In a negligence action to recover damages for personal injuries, etc., the defendants the Roman Catholic Church of the Holy Name of Jesus School and the Roman Catholic Diocese of Brooklyn appeal from so much of a judgment of the Supreme Court, Kings County (Bernstein, J.), entered April 24, 1985, as, upon a jury verdict on the issue of liability finding them 85% at fault in the happening of the accident and finding Michael Casagrande 15% at fault, and upon a jury verdict on the issue of damages, was in favor of the infant, plaintiff Doris Alferoff and against them in the principal amount of $650,000, and the infant plaintiff cross-appeals from so much of the same judgment as granted the posttrial motion of the appellants-respondents to set aside the verdict as to damages for diminution of earnings in the principal amount of $350,000.

Judgment affirmed insofar as appealed from, without costs or disbursements.

We decline, on the record before us, to upset the liability verdict against the appellants-respondents inasmuch as liability may be imposed upon a school for the consequences of a foreseeable act by a third party (see, Ohman v.

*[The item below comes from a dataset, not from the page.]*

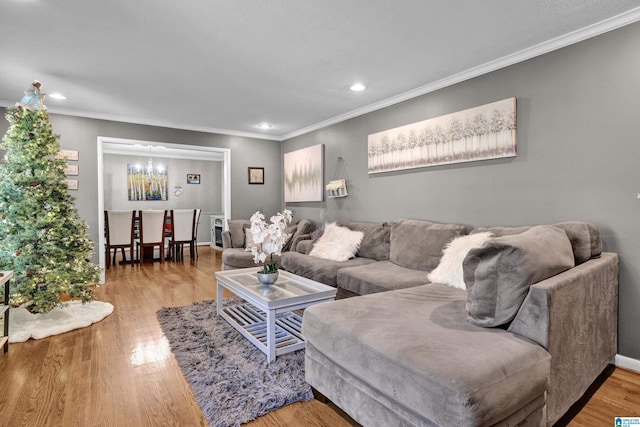 living room featuring a chandelier, crown molding, and wood-type flooring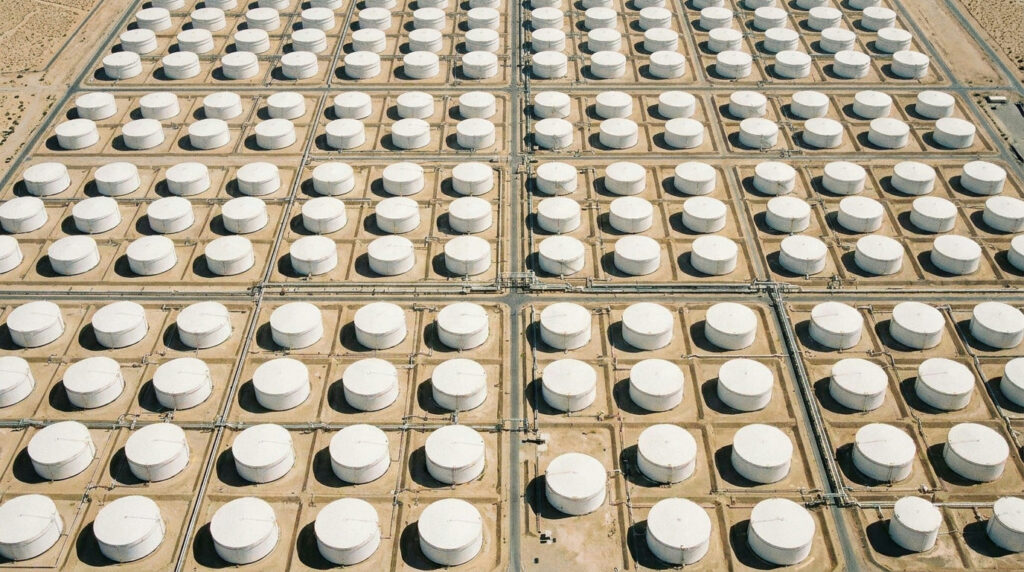 EIA Weekly Petroleum Status Report: aerial view of an oil tank farm with rows of storage tanks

Board of Educ., 300 N.Y. 306, 309, 90 N.E.2d 474, rearg. denied 301 N.Y. 662, 93 N.E.2d 927). The infant plaintiff was injured attending classes in the defendant school, when an eraser thrown by another student struck her in the left eye, causing her permanent loss of vision in that eye as well as subsequent psychological trauma. The teacher at the time of the accident had temporarily stepped out of the classroom. The jury, on the facts presented at trial, could reasonably have found that the failure of the teacher to provide adequate supervision constituted negligence, and that such negligence constituted the proximate cause of...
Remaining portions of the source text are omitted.